Work instructions:
Could you please reproduce every record below exactly, leaving out the pictures?

Source data:
++++++++++++++++++++

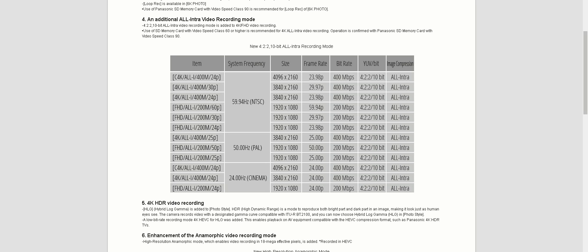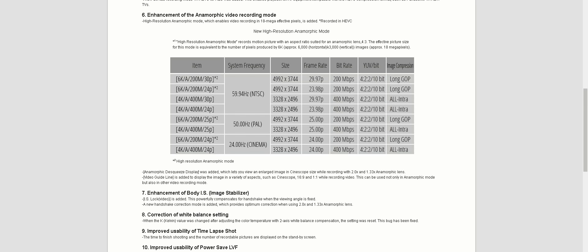...crazy improvements that we didn't know about, like anamorphic mode, pretty much giving us 6K anamorphic 4992 by 3744 resolution, just to be exact. Coming from what I'm using now, which is 3328 by 2496, that's crazy.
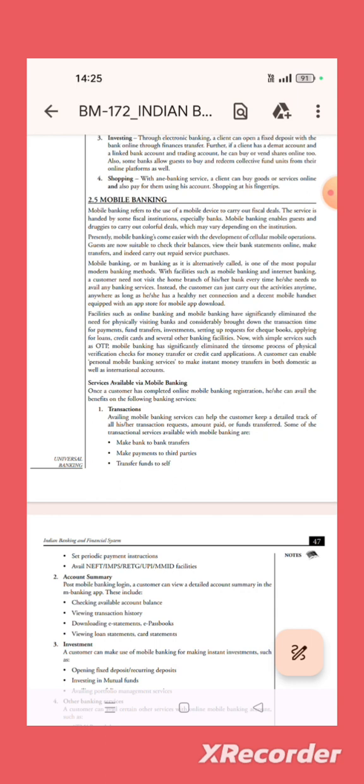The services are handled by financial institutions, especially banks. Mobile banking enables customers to carry out various deals, which may vary depending on the institutions. Presently, mobile banks come easier with the development of cellular mobile operations.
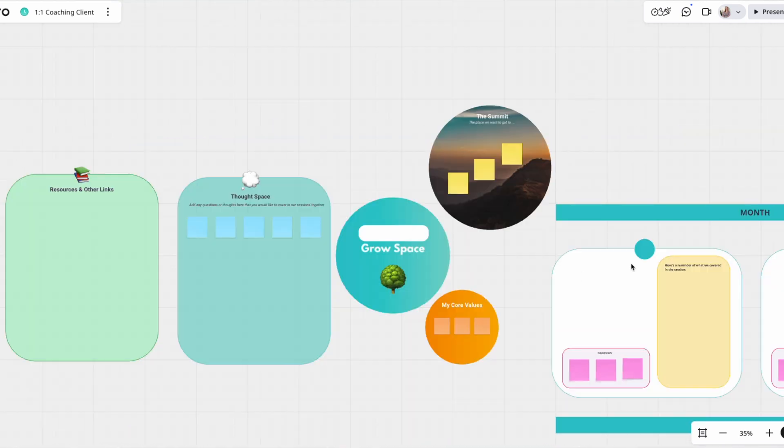It creates this really visual space where we can not only set the goals that they have for their coaching, but also collaborate asynchronously when we're not in sessions together.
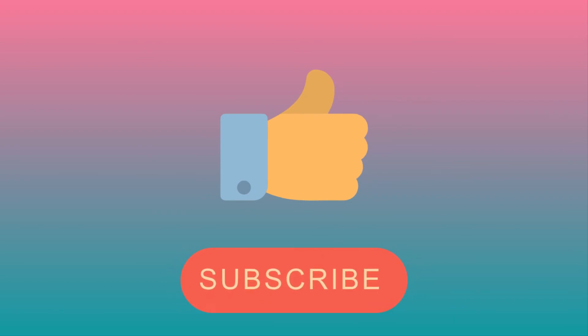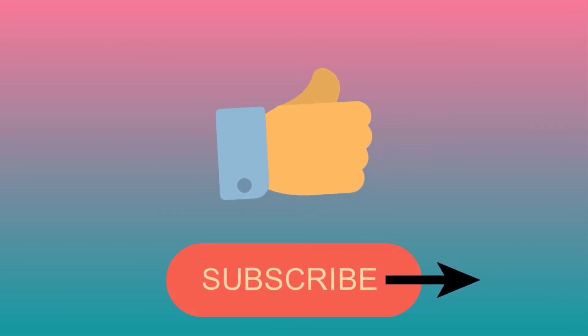I hope everyone learned something today. Please leave a like and subscribe to the channel for more. Thank you so much. Bye-bye.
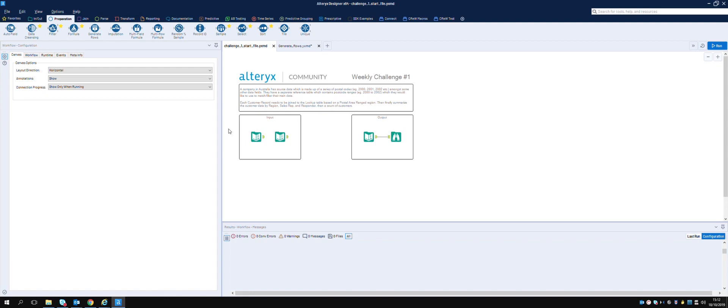Welcome back to the weekly challenges. This is a second attempt, a second challenge that we're doing, although confusingly it's actually weekly challenge number one because the first one we did was the beginner weekly challenge number two. So this is an intermediate level one.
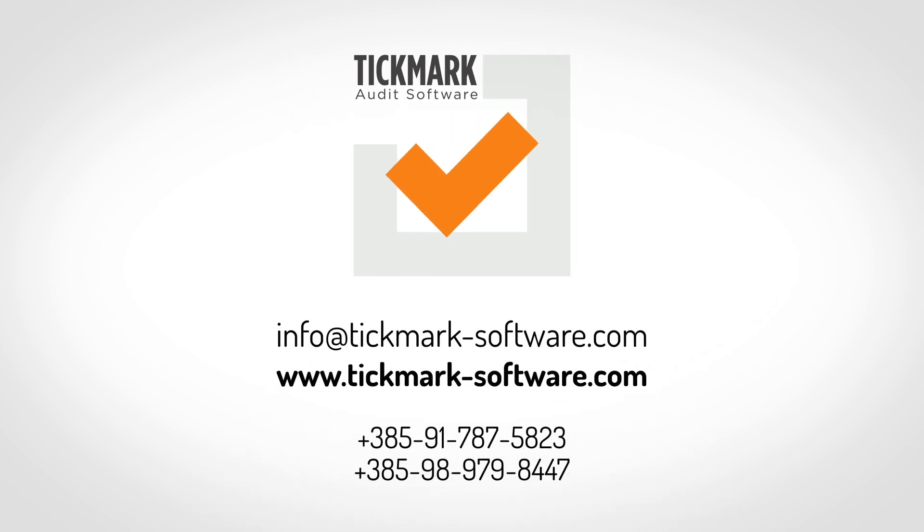Contact us for more information and a free trial period.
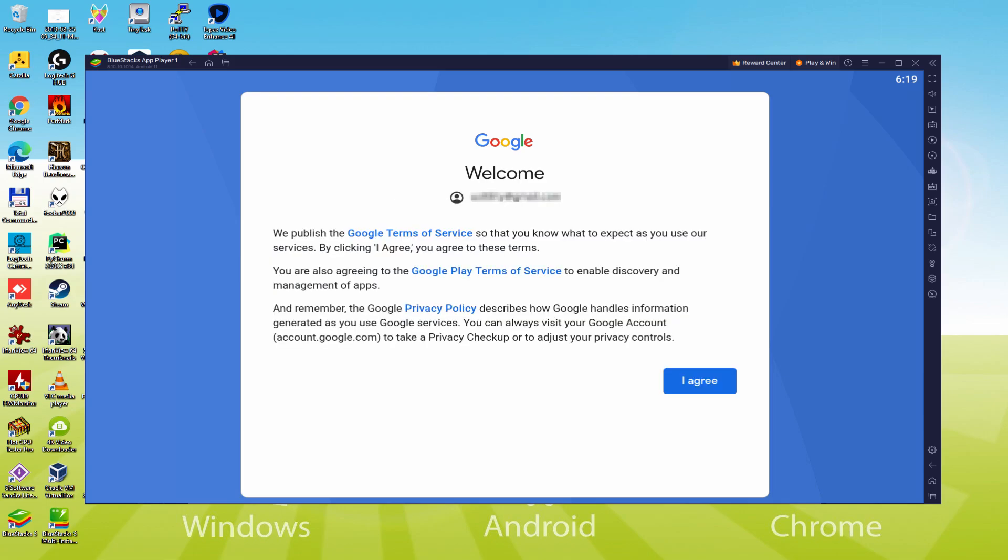That's it, Info inserted. Below is Google welcoming us and presenting us the terms of service. We must agree to them by simply hitting I agree.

++++++++++++++++++++

Task result:
...crazy improvements that we didn't know about, like anamorphic mode, pretty much giving us 6K anamorphic 4992 by 3744 resolution, just to be exact. Coming from what I'm using now, which is 3328 by 2496, that's crazy.
The services are handled by financial institutions, especially banks. Mobile banking enables customers to carry out various deals, which may vary depending on the institutions. Presently, mobile banks come easier with the development of cellular mobile operations.
It creates this really visual space where we can not only set the goals that they have for their coaching, but also collaborate asynchronously when we're not in sessions together.
I hope everyone learned something today. Please leave a like and subscribe to the channel for more. Thank you so much. Bye-bye.
Welcome back to the weekly challenges. This is a second attempt, a second challenge that we're doing, although confusingly it's actually weekly challenge number one because the first one we did was the beginner weekly challenge number two. So this is an intermediate level one.
Contact us for more information and a free trial period.
That's it, Info inserted. Below is Google welcoming us and presenting us the terms of service. We must agree to them by simply hitting I agree.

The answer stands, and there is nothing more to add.